Antrag der Fraktion DIE LINKE: Direkte Demokratie endlich auch auf Bundesebene einführen – Drucksache 5/2920 –

Das Wort zur Begründung hat die Abgeordnete Frau Borchardt von der Fraktion DIE LINKE.

Herr Präsident! Meine Damen und Herren! „In der gewachsenen Demokratie der Bundesrepublik Deutschland“ ist es „nun an der Zeit …, dem Volk das notwendige Maß an direkten Mitbestimmungsmöglichkeiten einzuräumen.“ Diese Worte stammen leider nicht von mir und meiner Fraktion, sondern sie wurden seitens der Fraktion der SPD im Bundestag im Jahre 2002 geäußert. Bereits damals gab es auf Bundesebene das Bestreben, ein Gesetz, welches Volksinitiativen, Volksbegehren und Volksentscheide im Grundgesetz verankern soll, auf den Weg zu bringen. Im Rahmen der Behandlung dieses Anliegens wurde das gemeinsame Bestreben eben im Sinne des oben genannten Zitates deutlich.

Es ist bedauerlich, dass es zum damaligen Zeitpunkt nicht zur Annahme des entsprechenden Gesetzes kam, aber nicht weil die Mehrheit der im Bundestag vertretenen Parteien es nicht wollte, nein, im Gegenteil. In der öffentlichen Debatte gab es so gut wie keine Vorbehalte gegenüber der Stärkung der direkten Demokratie. Leider war die Zeit bis zur Bundestagswahl im September 2002 zu kurz, um wesentliche Veränderungen des Grundgesetzes vorzunehmen, so die Meinung der Fraktion der CDU/CSU.

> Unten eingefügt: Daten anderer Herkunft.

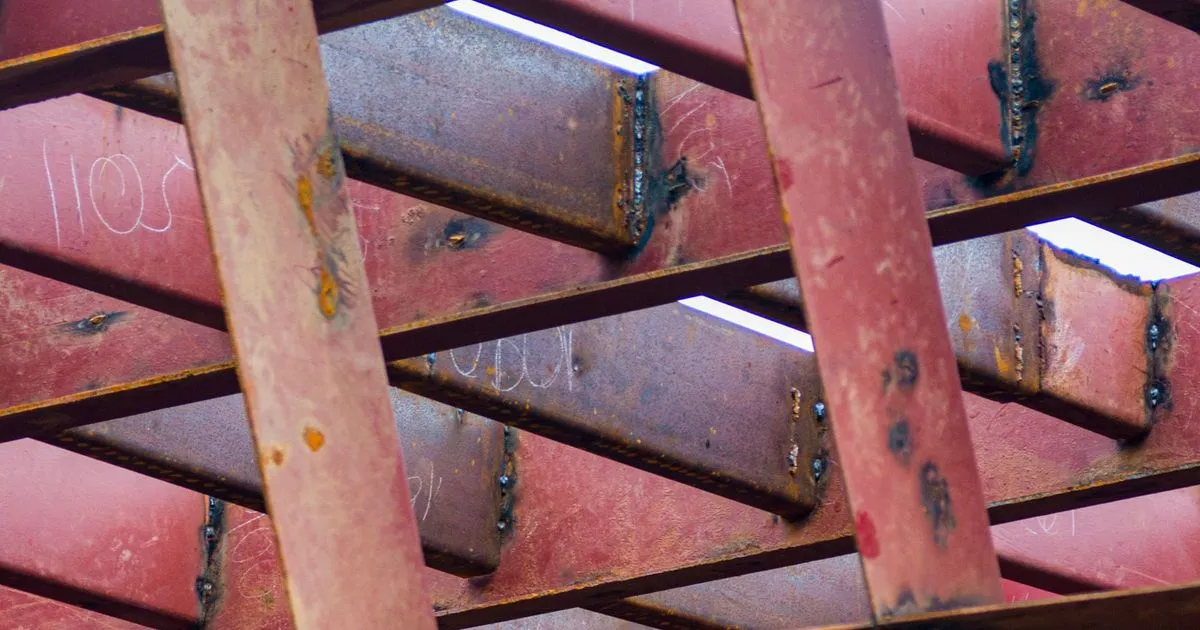 Welded joints on a red steel frame, the kind of weld a WPS PQR review covers before a heavy fabrication order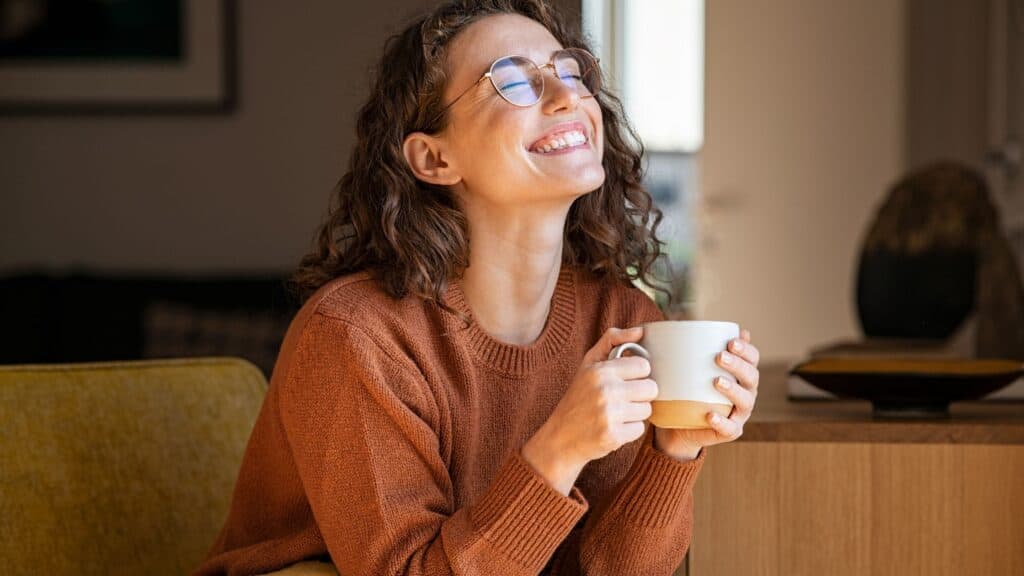 happy, smiling woman drinking coffee in the morning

Zwischen 2002 und 2009 sind nun neun Jahre vergangen. Der aktuelle Stand diesbezüglich ist leider immer noch derselbe. Die direkte Demokratie bildet auf Bundesebene lediglich die Ausnahme. Nur für den Fall von Neugliederungen des Bundes ist nach Artikel 29 Absatz 2 Grundgesetz vorgesehen, einen Volksentscheid durchzuführen. Darüber hinaus finden sich nach Artikel 20 Absatz 3 Grundgesetz Elemente, die die Teilnahme an Wahlen bestimmen. Das ist uns zu wenig, ich hoffe, Ihnen auch – daraus haben wir nie einen Hehl gemacht –, so zum Beispiel bei der Frage der Ratifizie

rung des Lissabonner Vertrages. Dass wir mit diesem Anspruch nicht alleine dastehen, und zwar weder parlamentarisch noch außerparlamentarisch, möchte ich an dieser Stelle kurz darstellen.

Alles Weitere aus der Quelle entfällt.